How can I say we are truly agile? Since mid-June, I have been on the job market, knowing the acting role would come to an end and not knowing that transitioning across to a project management role within Parks Victoria was possible, so I was all over I was, of course, wrong and am indebted to Tim Tunbridge, Neale Tayler and Jen Rebeiro for making it happen. However, I digress, through the process of hunting for a job and discovering yet again “agile” is a hot topic, but still realising from an I.T. project management perspective mostly/largely misunderstood. A number of companies and jobs have talked to an “agile” environment, but probing a little deeper, discovering a traditional culture still prevails when it comes to projects.
In tech projects, a traditional approach would be referred to as a “waterfall” method, Prince2 and PMBOK are renowned methods in this type of delivery. Basically, waterfall lays out the work of a project sequentially(mostly), wherein; scope, time and money are fixed, but consequentially quality is variable. Agile is by-enlarge seen as the way projects should be operated, but when you start to get a feel for whether or not scope is variable, as would be the case in a truly agile project, companies, supervisors, program managers get highly uncomfortable.
Part of me understands that as project delivery goes, you must inform the business on what you will do, but there is a distinction that needs to be made here. Ideally a team would talk about requirements with an asterisk next to it, something along the lines of “we are not able to predict the future, however, from our analysis we believe addressing these organisational problems will return value to the business and we believe we can get X amount of work done in X amount of time. However, as we progress we will learn more and re-assess what we have delivered against our initial thinking and how much we have spent. From here we can make an informed decision on how we progress and even whether the project is still viable.
During my formal education(albeit a one week course, I’m an expert now!!!) on agile project management (DSDM), I was blown away by the concept that during a project, at key releases/milestones, the project control board, would actual re-assess whether it was worth continuing.

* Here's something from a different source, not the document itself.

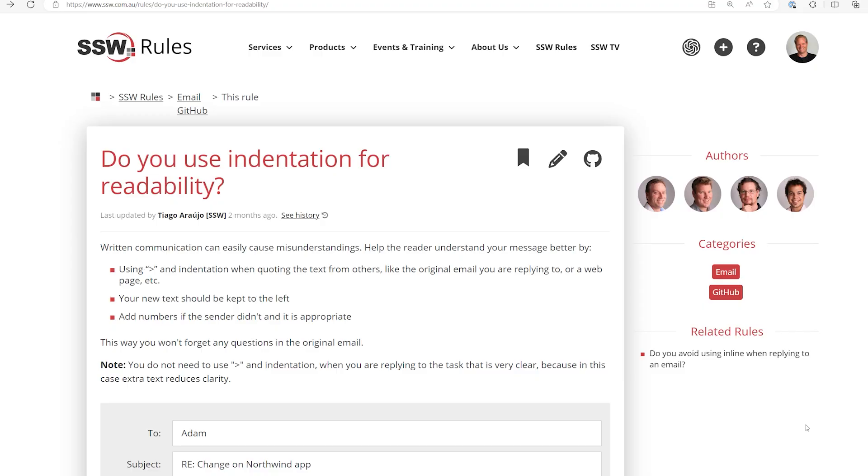I always find it enjoyable talking to ex-SSW people and I'm always curious which rules they continued using. I do actually still indent, yeah. It's not just the choice of technology — it's also the best practices that go around it. How do you implement it? What's the best way to implement it? And I think that's where the rules really come into their own.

This can often, at least at first, seem like a negative thing, but it ties back to Pareto’s 80/20 principle. With functional releases of a project you will realise benefits along the lifecycle of the project, but there very well could be a point wherein 80% of the benefits are realised and the remaining 20% is likely to have less of an impact. At this point, it’s potentially worth considering if that money required to deliver the remaining 20% is worth it, or perhaps better utilised re-investing into anther project that might have a greater impact with the same money.
Coming back to my earlier point. We are in an agile world now, wherein scope is variable, time is fixed, cost is fixed and quality is fixed. Other organisations and projects are possibly impeding their success before even beginning by fixing every aspect of a project. Lately, I’ve thought about it like quadratic equations, solving for X, while all your other elements are unknown
Even though based on the elements of the equation, we can assess what X is worth relative to the other we don’t come away with a distinct value. You could say the quality of our answer is compromised as it is dependent on others. A project, I believe must have distinct benefits, independent of others.
I’m not naive to think there will not be challenges ahead, however, at least I know that there is hope to deliver something great without compromising quality. I.T. has an extraordinary poor delivery record, (RE: Standish report “CHOAS), some 16% of all IT projects deliver, all the others fail in some manner. I’m hoping to work hard and diligently to be in that 16%.